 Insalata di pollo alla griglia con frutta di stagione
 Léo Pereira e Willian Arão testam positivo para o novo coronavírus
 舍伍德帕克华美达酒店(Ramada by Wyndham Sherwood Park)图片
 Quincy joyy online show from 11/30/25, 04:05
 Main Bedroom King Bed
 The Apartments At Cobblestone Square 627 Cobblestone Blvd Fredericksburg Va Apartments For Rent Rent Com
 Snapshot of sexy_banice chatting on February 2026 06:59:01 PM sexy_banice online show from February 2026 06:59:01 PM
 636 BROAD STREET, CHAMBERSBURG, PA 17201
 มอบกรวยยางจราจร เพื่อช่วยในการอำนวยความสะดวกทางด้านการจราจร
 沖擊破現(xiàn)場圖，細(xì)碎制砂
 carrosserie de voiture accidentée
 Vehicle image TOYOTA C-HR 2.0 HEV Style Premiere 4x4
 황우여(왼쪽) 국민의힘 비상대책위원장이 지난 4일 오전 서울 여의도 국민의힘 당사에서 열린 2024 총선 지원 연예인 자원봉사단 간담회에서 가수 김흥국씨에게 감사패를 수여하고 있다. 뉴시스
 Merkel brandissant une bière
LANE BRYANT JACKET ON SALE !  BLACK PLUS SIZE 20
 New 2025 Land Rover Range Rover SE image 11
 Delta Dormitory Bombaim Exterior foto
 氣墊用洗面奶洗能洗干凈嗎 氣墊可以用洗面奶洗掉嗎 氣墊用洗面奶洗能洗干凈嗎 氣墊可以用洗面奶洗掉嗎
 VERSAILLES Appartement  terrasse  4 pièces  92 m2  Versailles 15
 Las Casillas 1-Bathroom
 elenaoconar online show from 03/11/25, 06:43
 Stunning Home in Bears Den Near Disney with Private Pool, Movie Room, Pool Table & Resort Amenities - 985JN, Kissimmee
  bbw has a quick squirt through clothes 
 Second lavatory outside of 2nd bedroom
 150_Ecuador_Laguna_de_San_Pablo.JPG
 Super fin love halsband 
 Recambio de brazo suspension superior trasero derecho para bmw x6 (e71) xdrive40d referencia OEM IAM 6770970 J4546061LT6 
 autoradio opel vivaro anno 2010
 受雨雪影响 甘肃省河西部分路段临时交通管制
------------
- What you need to do
From the first entry above to the last, repeat everything exactly.

- Written solution
 Insalata di pollo alla griglia con frutta di stagione
 Léo Pereira e Willian Arão testam positivo para o novo coronavírus
 舍伍德帕克华美达酒店(Ramada by Wyndham Sherwood Park)图片
 Quincy joyy online show from 11/30/25, 04:05
 Main Bedroom King Bed
 The Apartments At Cobblestone Square 627 Cobblestone Blvd Fredericksburg Va Apartments For Rent Rent Com
 Snapshot of sexy_banice chatting on February 2026 06:59:01 PM sexy_banice online show from February 2026 06:59:01 PM
 636 BROAD STREET, CHAMBERSBURG, PA 17201
 มอบกรวยยางจราจร เพื่อช่วยในการอำนวยความสะดวกทางด้านการจราจร
 沖擊破現(xiàn)場圖，細(xì)碎制砂
 carrosserie de voiture accidentée
 Vehicle image TOYOTA C-HR 2.0 HEV Style Premiere 4x4
 황우여(왼쪽) 국민의힘 비상대책위원장이 지난 4일 오전 서울 여의도 국민의힘 당사에서 열린 2024 총선 지원 연예인 자원봉사단 간담회에서 가수 김흥국씨에게 감사패를 수여하고 있다. 뉴시스
 Merkel brandissant une bière
LANE BRYANT JACKET ON SALE !  BLACK PLUS SIZE 20
 New 2025 Land Rover Range Rover SE image 11
 Delta Dormitory Bombaim Exterior foto
 氣墊用洗面奶洗能洗干凈嗎 氣墊可以用洗面奶洗掉嗎 氣墊用洗面奶洗能洗干凈嗎 氣墊可以用洗面奶洗掉嗎
 VERSAILLES Appartement  terrasse  4 pièces  92 m2  Versailles 15
 Las Casillas 1-Bathroom
 elenaoconar online show from 03/11/25, 06:43
 Stunning Home in Bears Den Near Disney with Private Pool, Movie Room, Pool Table & Resort Amenities - 985JN, Kissimmee
  bbw has a quick squirt through clothes 
 Second lavatory outside of 2nd bedroom
 150_Ecuador_Laguna_de_San_Pablo.JPG
 Super fin love halsband 
 Recambio de brazo suspension superior trasero derecho para bmw x6 (e71) xdrive40d referencia OEM IAM 6770970 J4546061LT6 
 autoradio opel vivaro anno 2010
 受雨雪影响 甘肃省河西部分路段临时交通管制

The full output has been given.